The Forest Conservation Act 1980 was passed in response to the growing concern over the rapid depletion of India’s forests, which had serious environmental and ecological consequences.

  • The Forest Conservation Act, of 1980, applies to all kinds of forests, whether under the control of the Forest or the Revenue Department, and it requires statutory clearance before forests can be used for any non-forest purpose such as industry, mining, or construction.
  • In 1976, forests were included in List III (Concurrent List) under the Seventh Schedule of the Constitution.


  • To conserve forests and ensure their sustainable management.
  • To regulate the diversion of forestland for non-forestry purposes, such as mining, industrial projects, or infrastructure development.
  • To ensure that any diversion of forestland is done only for a specific purpose and with the prior approval of the central government.
  • To compensate for any loss of forest cover that may occur due to such diversion by undertaking afforestation and reforestation activities.


  • The Act restricts the state government and other authorities to take decisions first without permission from the central government.
  • The Forest Conservation Act 1980 gives complete authority to the Central government to carry out the objectives of the act.
  •  The Act levies penalties in case of violations of the provisions of FCA.
  • The Forest Conservation Act will have an advisory committee which will help the Central government with regard to forest conservation.

Important Cases:

1)     Tarun Bharat Singh v. Union of India (1993)

In this case, a non-profit organization petitioned the Supreme Court via a Public Interest Litigation (PIL) filed under Article 32 of the Indian Constitution. The petition was filed in response to illicit mining in the Alwar District’s reserved area. Despite the fact that the area was designated as protected under the Act, the state government had issued hundreds of mining permits. The Court ruled that once an area is designated as a protected forest, it is subject to the Forest (Conservation) Act, and that the State government can no longer engage in non-forest activities in the reserved area without first obtaining authorization from the federal government. Because mining is a non-forest activity, the State government’s decision to award or renew mining licenses is a non-forest decision. Because mining is a non-forest activity, the State government’s decision to give a mining license or renew a mining license is illegal. The State government and mining owners were also given an interlocutory order to prohibit illegal activity in the designated region.

2)     State of MP v. Krishnadas Tikaram (1994)

In this case, the respondents were given a limestone mining concession in the forest area in 1966 for 20 years. After it expired in 1986, the respondents petitioned the State government to renew it. The state administration approved the lease renewal for another 20 years. This order was cancelled by the Forest Service. The cancellation was challenged at India’s Supreme Court. The Court ruled that under Section 2 of the Forest (Conservation) Act, the state cannot award or renew the license without the Central government’s prior permission. As a result, the order cancellation was completed correctly.

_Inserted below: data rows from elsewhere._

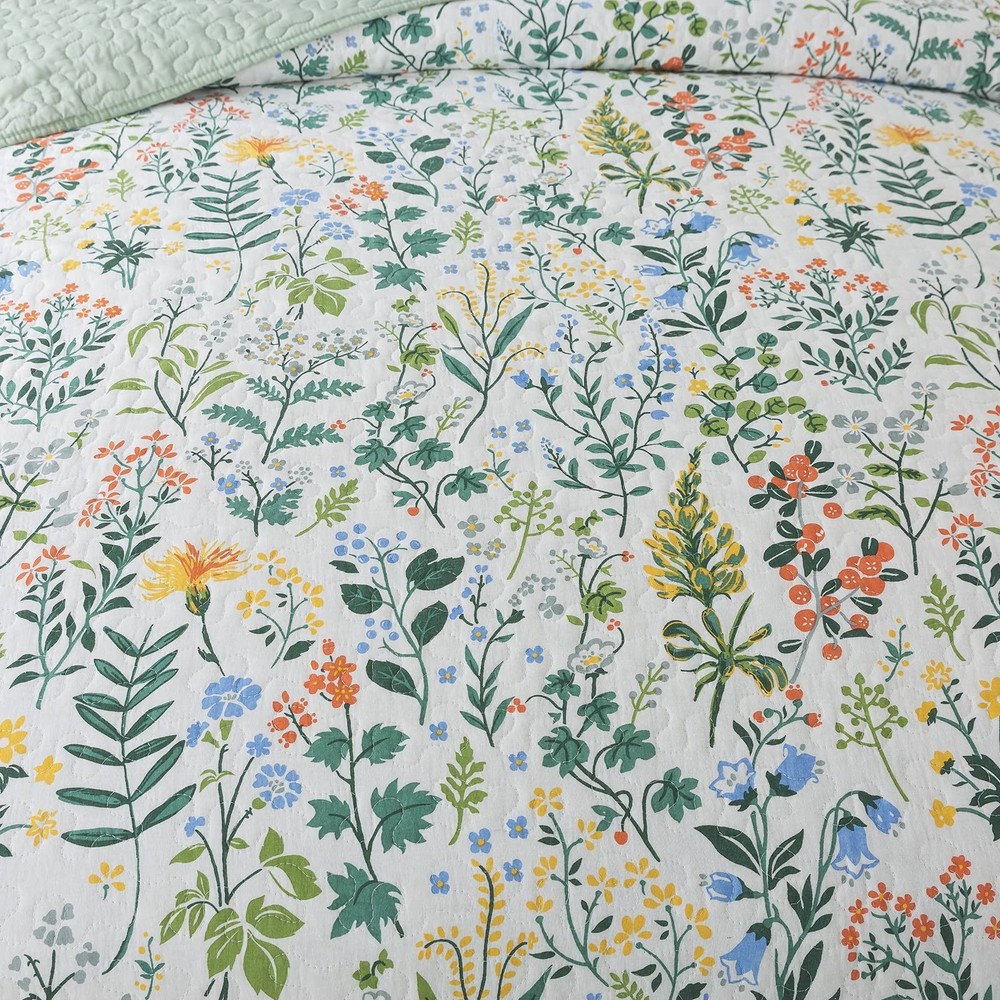 NEWLAKE Cotton Bedspread Quilt Sets-Reversible Patchwork Coverlet Set, Green ...
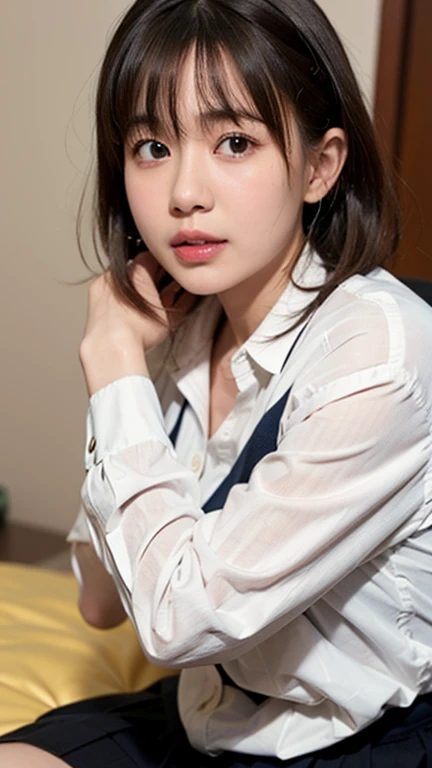 software, One girl,  masterpiece, Very detailed, Absurd, High image quality, (Ai-chan:1.5), Pretty girl, Beautiful detailed eyes, Short black hair, Layered Hair, Fluffy hair, bangs, Glossy lips, Pleated skirt, uniform, shirt, Sitting on the bed with knees ...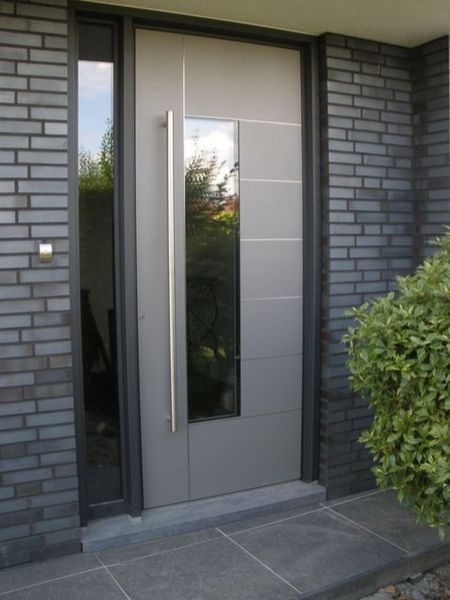 the front door to a modern home with glass panels and sidelights on either side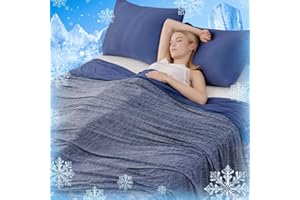 Syalife Cooling Blanket for Hot Sleepers, Summer Blanket with Japanese Q-Max>0.5 Arc-Chill Cooling Fiber, Double sided Ultra-Cool Lightweight Blanket (Navy Blue, 50"x 70")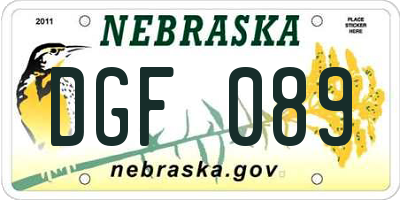 NE license plate DGF089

3)     Krishnadevi Malchand Kamathia v. Bombay Environmental Action (2011)

In this case, the District Collector filed a motion to begin contempt proceedings against the appellants for disobeying the court’s orders. The court had ordered the freshly constructed bund to be removed so that seawater could enter and protect the mangrove trees. The order attempted to stop the appellants from doing anything that would destroy the mangrove forests. The appellants have a permit to produce salt at the location. The Supreme Court ruled that salt production through solar evaporation of salt water is not permissible in the area because of the presence of mangrove trees. Mangrove forests are of considerable ecological importance and are also environmentally sensitive, which is why they are classified as CRZ-I. (Coastal Regulatory Zone-I). The Coastal Area Classification and Development Regulations, 1991 classifies the Coastal Regulatory Zone, and salt manufacture is prohibited under the regulations.